If the execution context of the first JsonHttpResponseHandler implementation guarantees that user never references null then you could simply copy the null check to it to make the same as the second.

Skip the rest of the section if that applies.


If not you should refactor out the difference. You could do so by introducing a new interface:

public class Caller {
  private interface ActivityCaller{
     void handle(ShareActivity activity,JSONObject user);
  }

Then you implement the interface with the respective behavior before creating the instance of JsonHttpResponseHandler:

// first version
RequestParams params = new RequestParams(map);
ActivityCaller activityCaller = (a,user)-> a.handleUser(user); // java8 Lambda Style, lambda parameter name 'a' must differ from the methods parameter name
get(registerUrl, params, new JsonHttpResponseHandler() {
  @Override
  public void onSuccess(int statusCode, Header[] headers, JSONObject user) {
     activityCaller.handleUser(activity,user);
  }
  // .. no changes after here

// second versionRequestParams params = new RequestParams(map);
ActivityCaller activityCaller = new ActivityCaller(){ // traditional annonymous inner class
 @Override
  public void handle(ShareActivity activity,JSONObject user){
    if(user!=null){
        activity.handleUser(user);
    }else {
        activity.registerUser();
    }
  }
}
get(registerUrl, params, new JsonHttpResponseHandler() {
  @Override
  public void onSuccess(int statusCode, Header[] headers, JSONObject user) {
     activityCaller.handleUser(activity,user);
  }
  // .. no changes after here

Remove the duplication

Now both anonymous inner class implementations of JsonHttpResponseHandler are exactly the same. Use your IDEs convert anonymous to inner class refactoring to replace both occurrences.

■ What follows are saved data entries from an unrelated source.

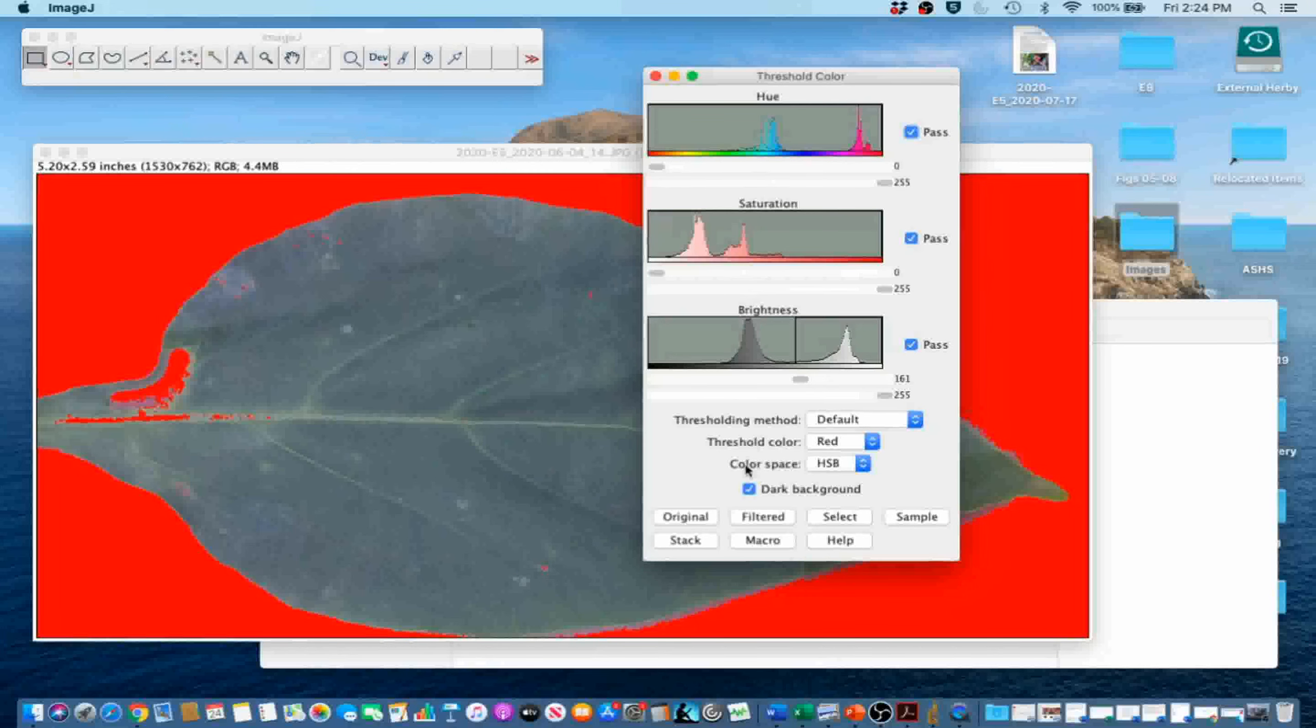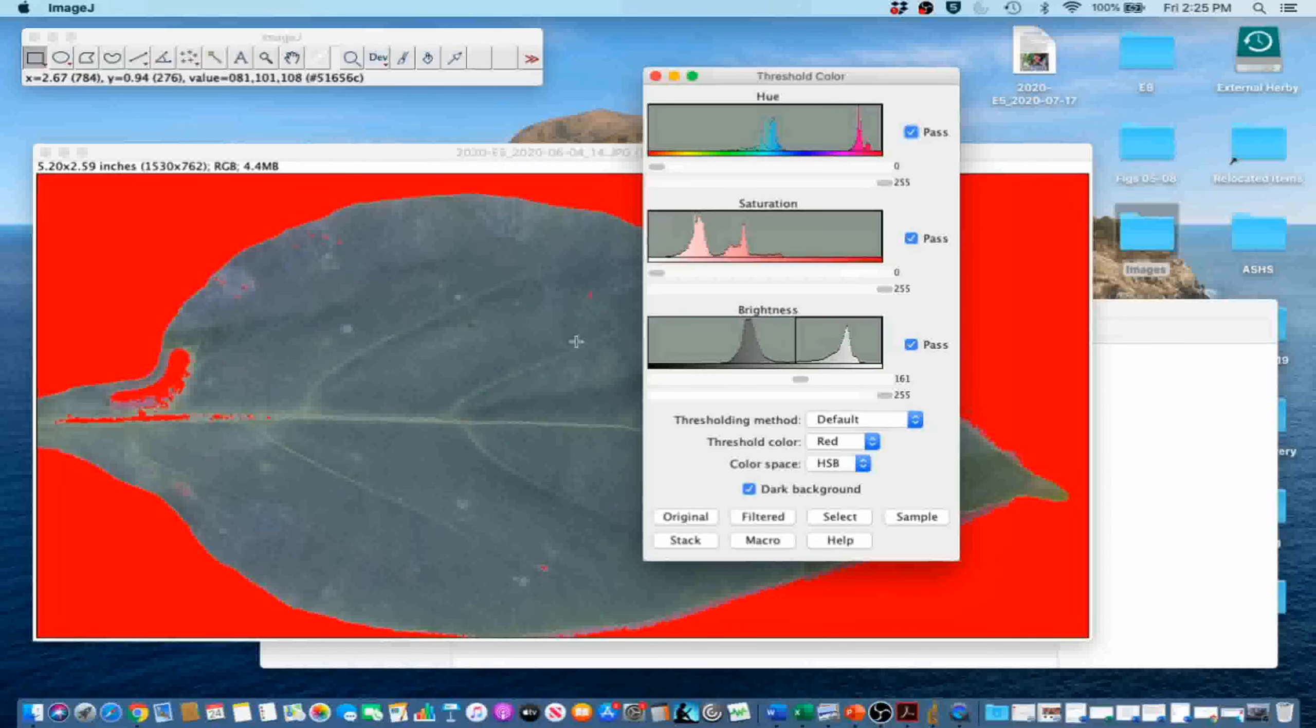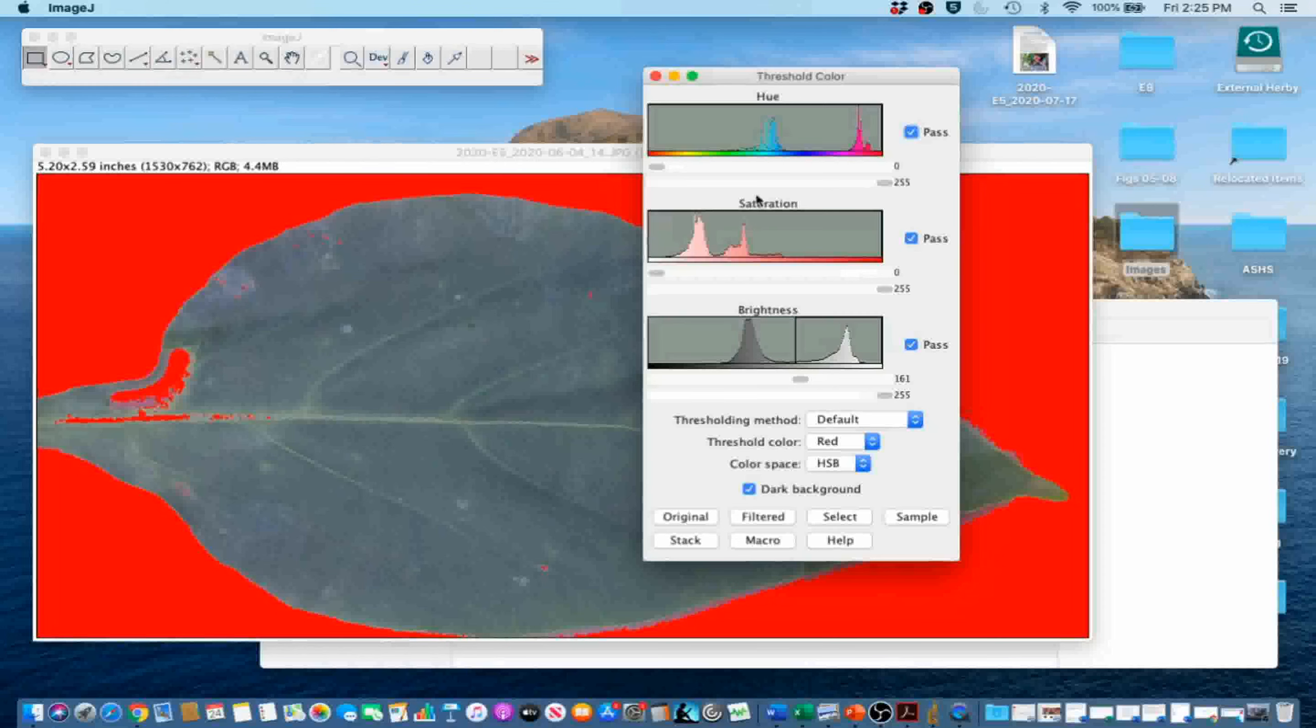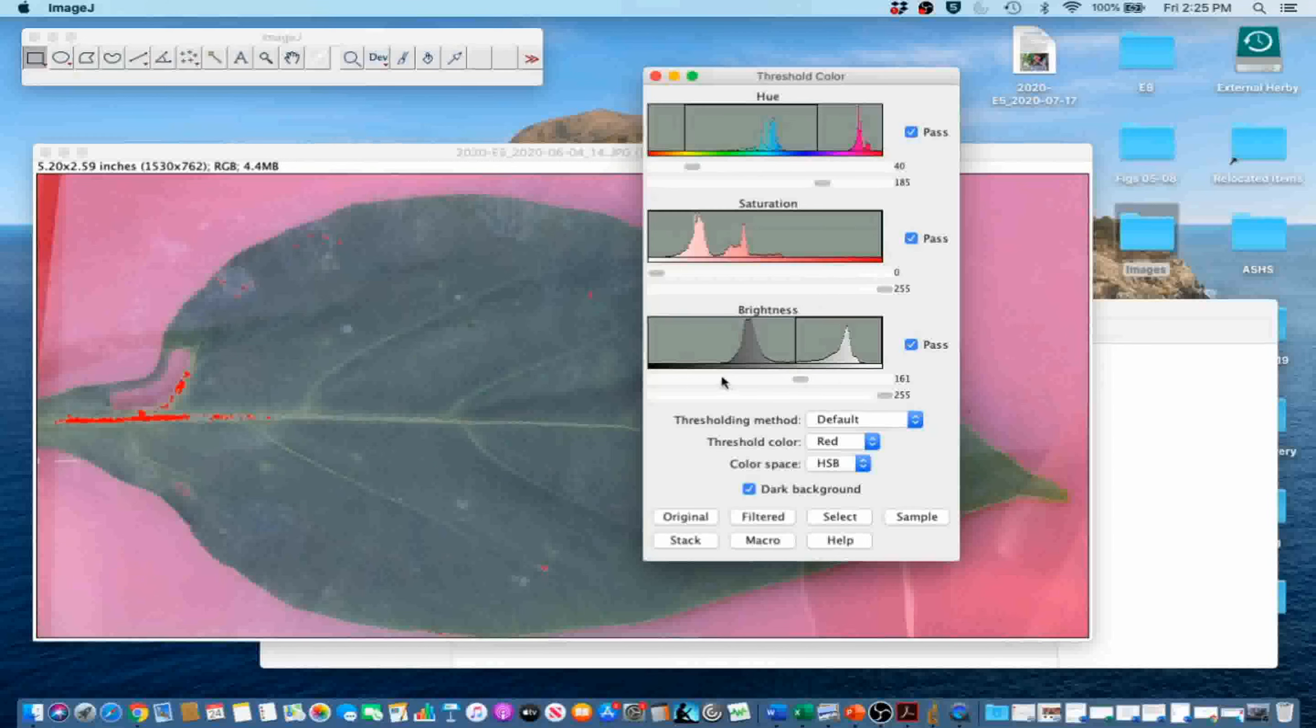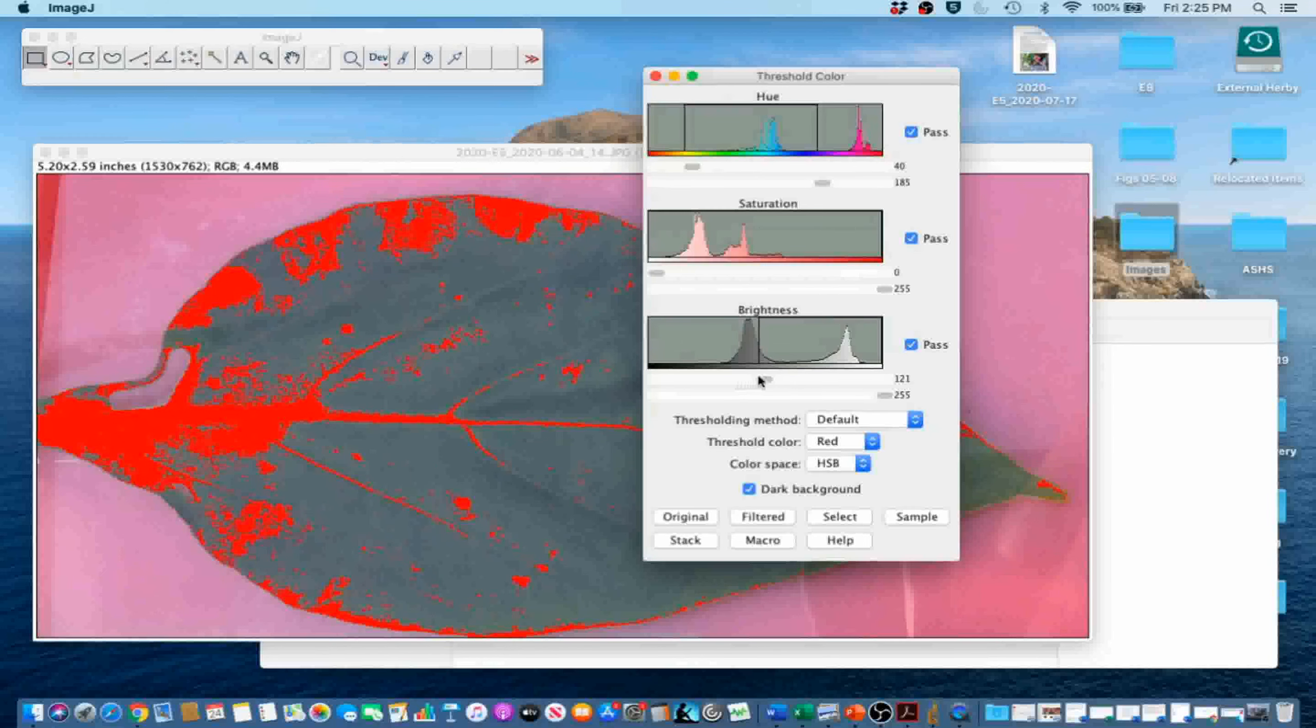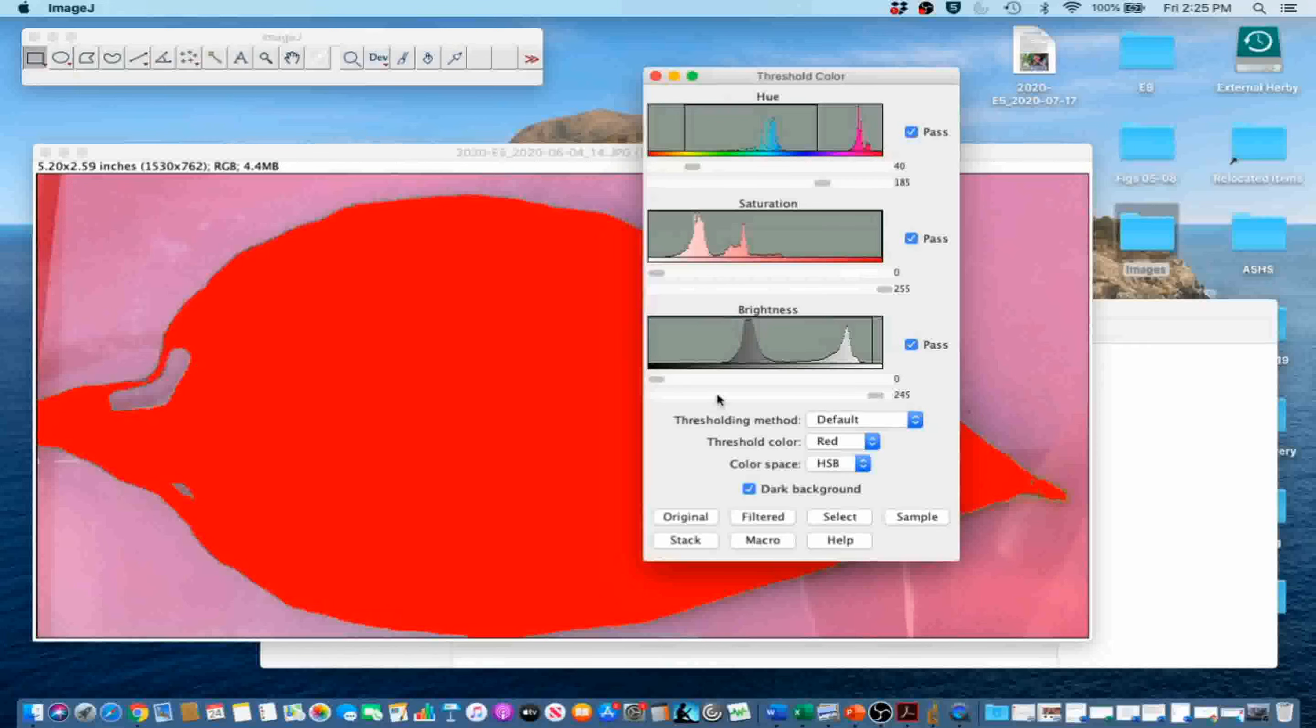Hue is one of the color appearance parameters and it describes pure spectrum colors. Since red is green's complementary color and the clipboard is red, the clipboard should be relatively easy to separate from the leaf tissue. In this case, hue range from 40 to 185, saturation from 0 to 255, and brightness from 0 to 175 should work well.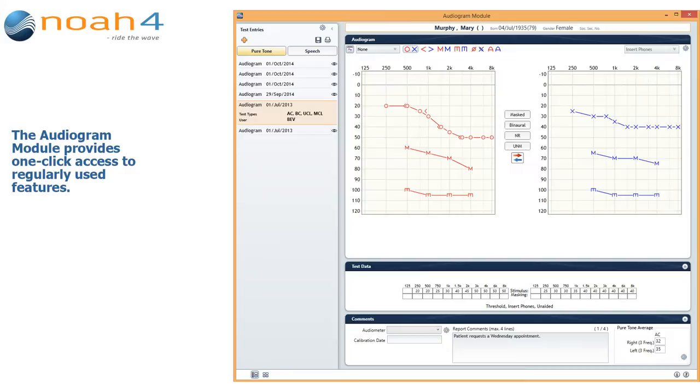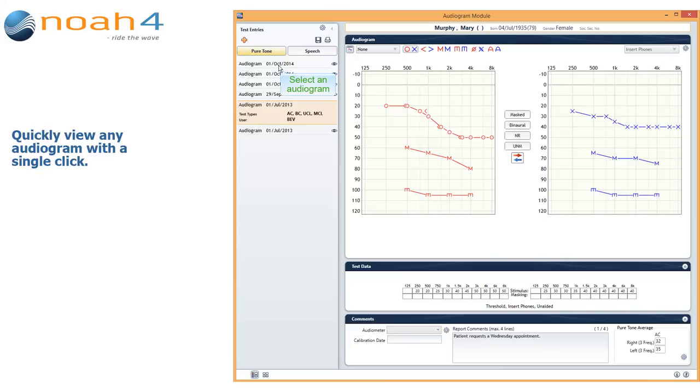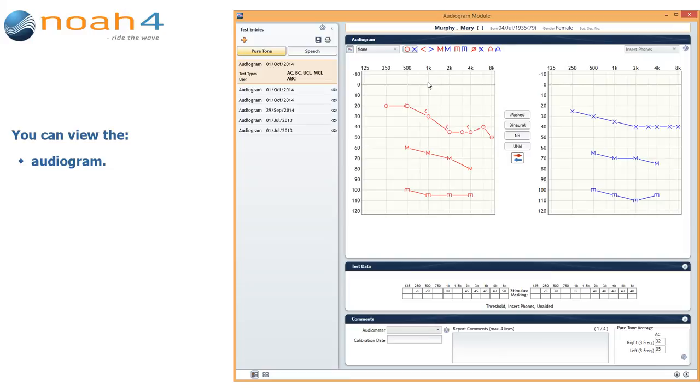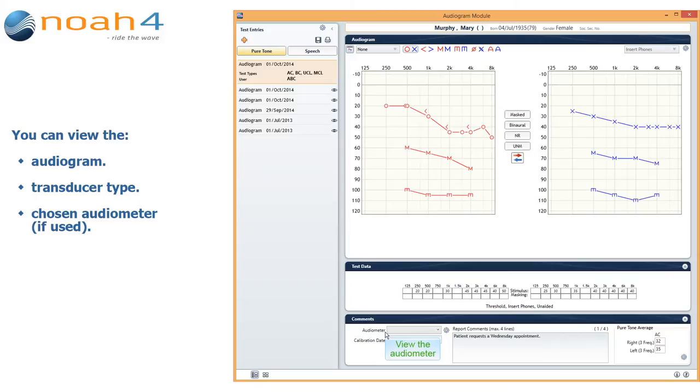The Audiogram Module provides one-click access to regularly used features. You can see a list of all the patient's audiograms in the left column, and you can quickly view any audiogram with a single click. You can view the audiogram, the transducer type, your chosen audiometer if you have used one, your added notes, and the pure tone average.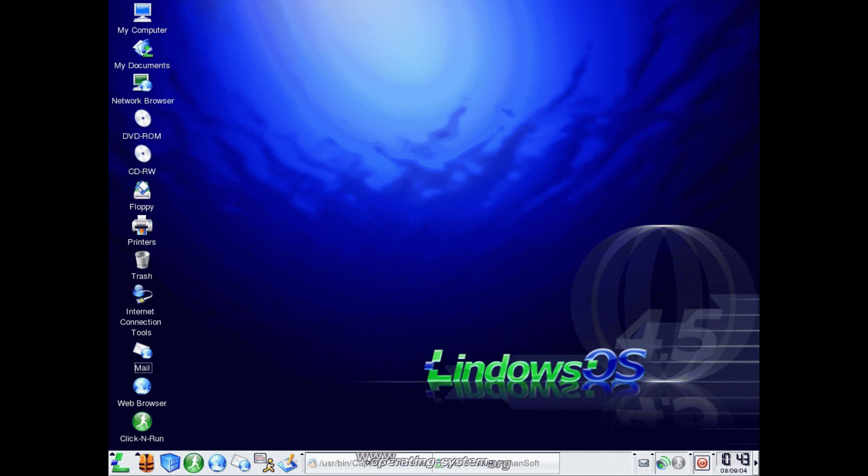In spite of Linspire's downfall, many other Windows-like Linux distros have popped into existence, including Linux Mint, Zorin OS, Peppermint OS, and others. All of these mimic the look and feel of Windows, and Wine can be installed to add a layer of compatibility with Windows software.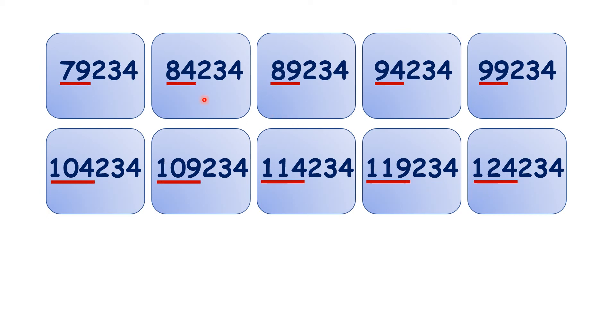Again, we can see that we're counting up in steps of 5 and leaving the hundreds, tens, and units digits the same.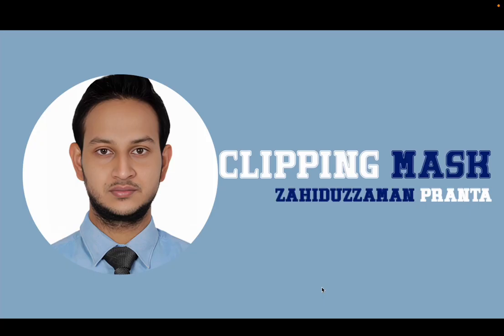Hello everyone. I'm going to show you how to do this with a clipping mask in Photoshop.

This creates a new inner class:

// assumed you copied the `null` check
public class Caller {
  private static class JsonHttpResponseHandlerImpl{
    private final ShareActivity activity; // if you copied the null check
    JsonHttpResponseHandlerImpl(ShareActivity activity){
      this.activity = activity;
    }
    @Override
    public void onSuccess(int statusCode, Header[] headers, JSONObject user) {
        if(user!=null){
            activity.handleUser(user);
        }else {
            activity.registerUser();
        }
    }
    @Override
    public void onSuccess(int statusCode, Header[] headers, JSONArray array) {
        throw new RuntimeException("array in stead of object");
    }
  }

and both of your methods change to:

   RequestParams params = new RequestParams(map);
   get(registerUrl, params, new JsonHttpResponseHandlerImpl(activity));

As a result you have even more common code in both methods which you could easily move to the common get method.

What's left in your getUser() methods it the creation of the map with different content and the implementations of the new ActivityCaller interface if you decided for this way.